GIVEN MATERIAL -
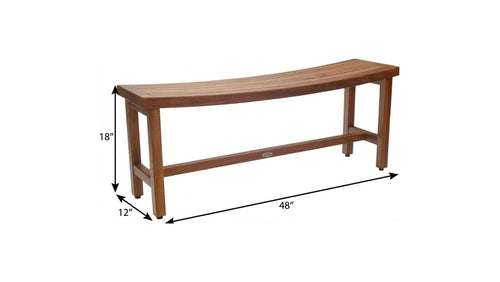 18" X 48" Brown Teak Rectangular Shower Bench - 18.00" H x 48.00" W x 12.00" D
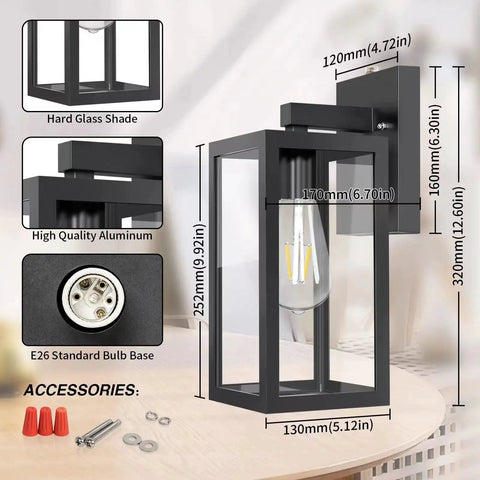 Two Pack Dusk To Dawn Outdoor Wall Lanterns With Sensor Matte Black Exterior Porch Lights E26 Base Socket dimensions and details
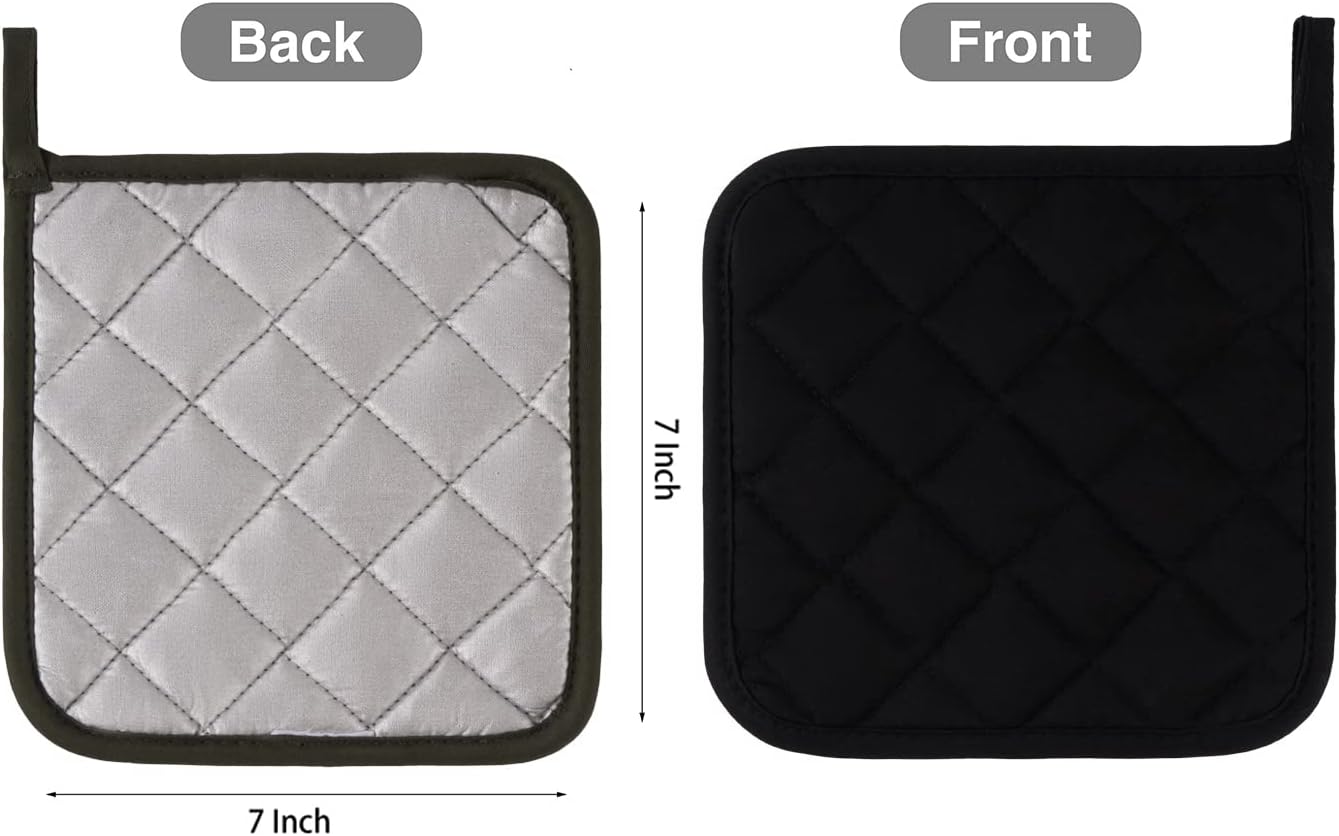 Kitchen Pot Holders Set Heat Resistant Pure Cotton Potholders Kit Trivets Large Coasters Hot Pads Terry Pot Holders for Everyday Cooking and Baking by 7 x 7 Inch Set of 6 Black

PROBLEM REQUIREMENTS - Copy each line above precisely, dropping the pictures.

EXERCISE OUTPUT -
 18" X 48" Brown Teak Rectangular Shower Bench - 18.00" H x 48.00" W x 12.00" D
 Two Pack Dusk To Dawn Outdoor Wall Lanterns With Sensor Matte Black Exterior Porch Lights E26 Base Socket dimensions and details
 Kitchen Pot Holders Set Heat Resistant Pure Cotton Potholders Kit Trivets Large Coasters Hot Pads Terry Pot Holders for Everyday Cooking and Baking by 7 x 7 Inch Set of 6 Black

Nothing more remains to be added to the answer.